35 communities join Neighborly accelerator for community broadband
- Seeking to expand broadband access to the 19 million Americans that lack sufficient connections, 35 communities across 18 states have joined the Neighborly Community Broadband Accelerator.
- Participants will be led through the full process of creating a broadband network, including an education curriculum in collaboration with private sector partners and nonprofits like Next Century Cities and the Institute for Local Self Reliance. Neighborly will also offer participants financing at a competitive rate cost to help jumpstart construction.
- Due to heavy interest with more than 100 applicants, Neighborly expanded the cohort size to include 35 communities.
The broadband project is an expansion for Neighborly, the San Francisco-based firm offering communities help in finding capital for traditional infrastructure projects such as transportation and building. Broadband networks are "the modern equivalent of bridges and the water system," the company says on its website, adding they will "provide the foundation for all next-generation infrastructure" such as microgrids and connected infrastructure.
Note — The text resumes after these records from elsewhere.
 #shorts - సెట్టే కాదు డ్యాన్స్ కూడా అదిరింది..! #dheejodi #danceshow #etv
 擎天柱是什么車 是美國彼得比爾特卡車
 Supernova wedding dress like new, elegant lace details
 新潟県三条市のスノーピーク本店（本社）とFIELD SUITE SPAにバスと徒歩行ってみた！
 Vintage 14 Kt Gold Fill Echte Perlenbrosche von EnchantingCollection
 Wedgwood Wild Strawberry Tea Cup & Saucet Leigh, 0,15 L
While federal officials have focused plenty of attention on the lack of broadband access in rural communities, making it a key piece of President Trump’s infrastructure plan, city officials are also looking at the digital divide in their own communities. While access to infrastructure remains a key barrier for some communities — and is a concern as telecoms look to build out 5G networks that could bypass some already disconnected neighborhoods — others have looked at other solutions. For example, Louisville, KY made sure citizens knew about discounted rates, donated computers to needy families and brought tech events into traditionally underserved neighborhoods.
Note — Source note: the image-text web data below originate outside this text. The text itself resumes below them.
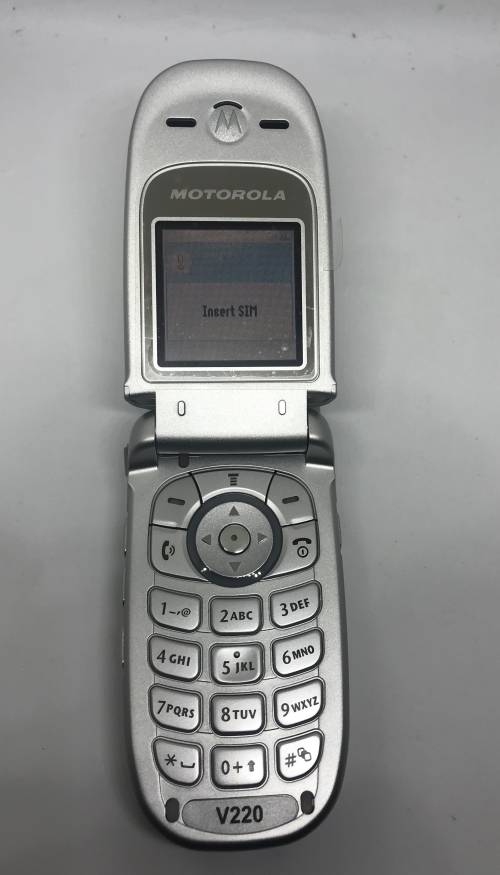 Retro Flip Phone - Motorola V220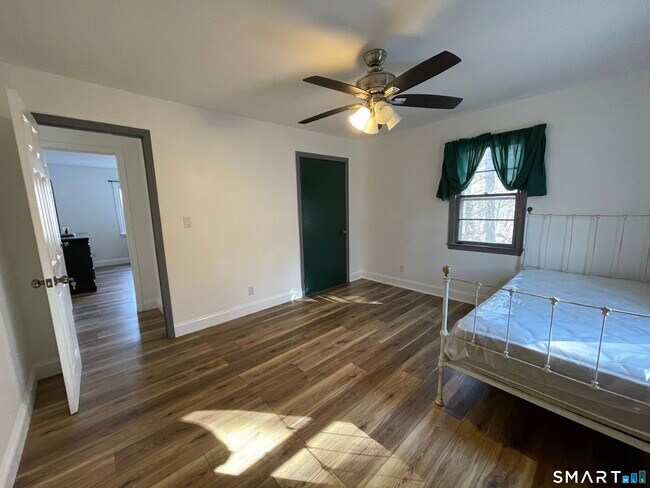 Building Photo - 37 Long Meadow Rd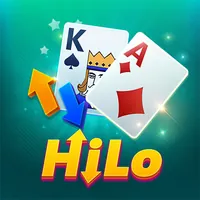 Hai chú gà đang chiến đấu trên sàn đấu đá gà trực tiếp của mu88 bet.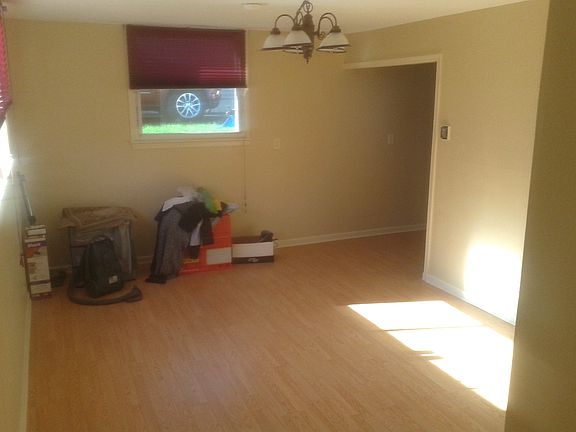 4th image of 314 W Lenox Ave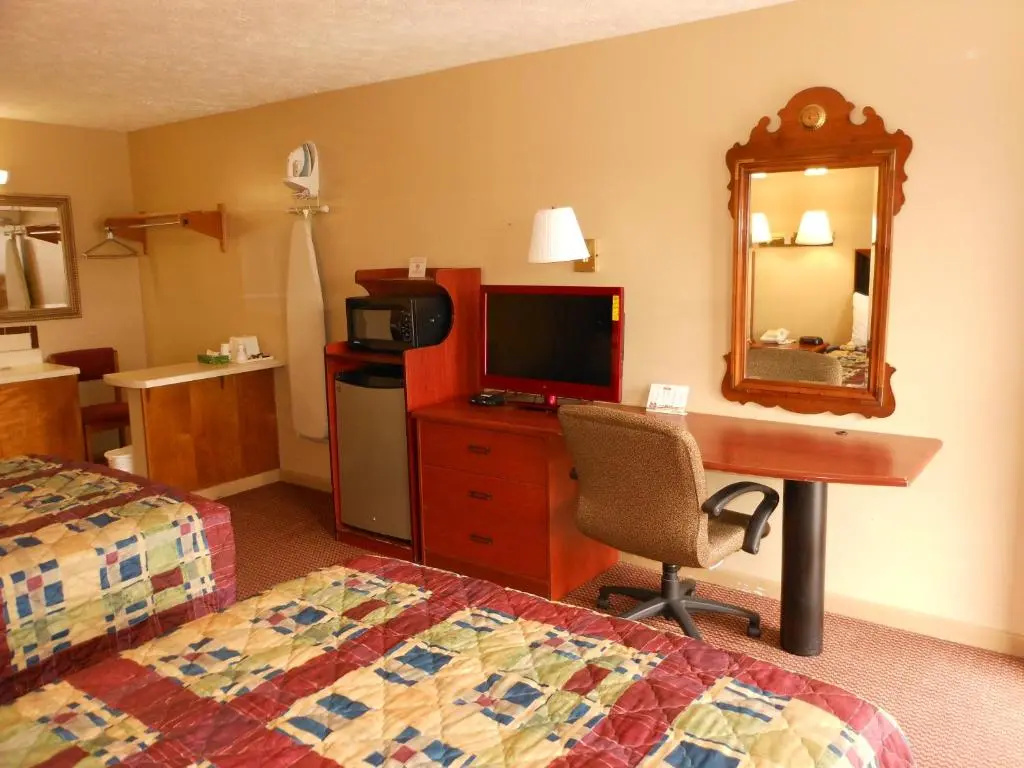 photo 1 of McClellan Inn Anniston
The communities in the Neighborly cohort represent a mix of rural, mid-sized and large cities, from Cleveland, OH to Laramie, WY. The geographic diversity was deliberate, but also reflects the range of broadband needs around the country.
Municipal broadband networks are catching on, and in some cases have outperformed larger networks. In the latest annual survey from PCMag, NextLight, an Internet service provider owned and managed by the city of Longmont, CO, notched the nation’s highest speed.